It’s been a bit surreal recently. After 5 years of dedicated writing, resulting in hundreds of thousands of words, I simultaneously got published and interviewed last week.
One interview question asked about advice for new writers. I chuckled at this since I still feel new. It’s strange how, after writing several novel drafts and many short stories and poems, I often feel like I don’t know what I’m doing (and it’s not about being a discovery writer). Ernest Hemingway did say of writing that “we are all apprentices in a craft where no one ever becomes a master.”
But there’s that one thing that always feels right that I never used to do: write consistently. When I was a little kid playing Super Mario RPG on Super Nintendo, I would both draw and write fiction related to that universe. In high school, I wrote a short story about a thriving civilization hidden in a massive glacier. In college, I wrote terrible, angsty poetry and an equally terrible first novel. Still, it wasn’t consistent.
I loved to immerse myself in writing and reading, but I didn’t do it enough.
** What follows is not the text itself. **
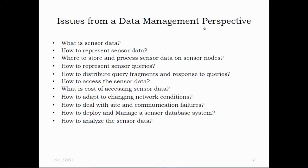When considering data management, we need to identify what is sensor data, how it is represented, how to store and process sensor data in sensor nodes, how to represent sensor queries and what queries can be posed, how to distribute query fragments and respond to queries, how to provide access to sensor data, what the cost of accessing the sensor node is, how query processing accommodates changing network conditions, how a query plan is affected by site or communication failure, and how to deploy and manage a sensor database system. All these are different research issues which I'll try to address and give an overall view of.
It was easier for me to dream about an idyllic writing lifestyle than live it. I would say I didn’t have enough time or that I was terrible at it, but I was afraid of failing at it. I felt ever more anxious, frustrated, and uncertain the longer I didn’t do it. It felt like something was missing.
I quoted Pam Allyn in my advice to new writers. She said, “Reading is like breathing in, and writing is like breathing out.” What I didn’t include in my interview is that writing and reading feel as vital as breathing to me. If I don’t do them, I don’t feel complete. The only way I can fail writing (and myself) is by not doing it. Lawrence block said, “One thing that helps is to give myself permission to write badly. I tell myself that I’m going to do my five or 10 pages no matter what, and that I can always tear them up the following morning if I want. I’ll have lost nothing—writing and tearing up five pages would leave me no further behind than if I took the day off.”
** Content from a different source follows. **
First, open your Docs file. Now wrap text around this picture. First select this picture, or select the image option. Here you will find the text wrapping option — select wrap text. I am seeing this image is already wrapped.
If you tend to live a bit inside your head or feel anxious about never writing (or reading), what do you have to lose by doing it? If you can find a sense of profound fulfillment doing it like I did, you’ll keep coming back again and again for it until writing becomes a fabric of your being.
I don’t write to be published (and you don’t have to either), but if we are published, maybe someone who needs a breath of fresh air will see it, and they can start breathing their own words onto their own page.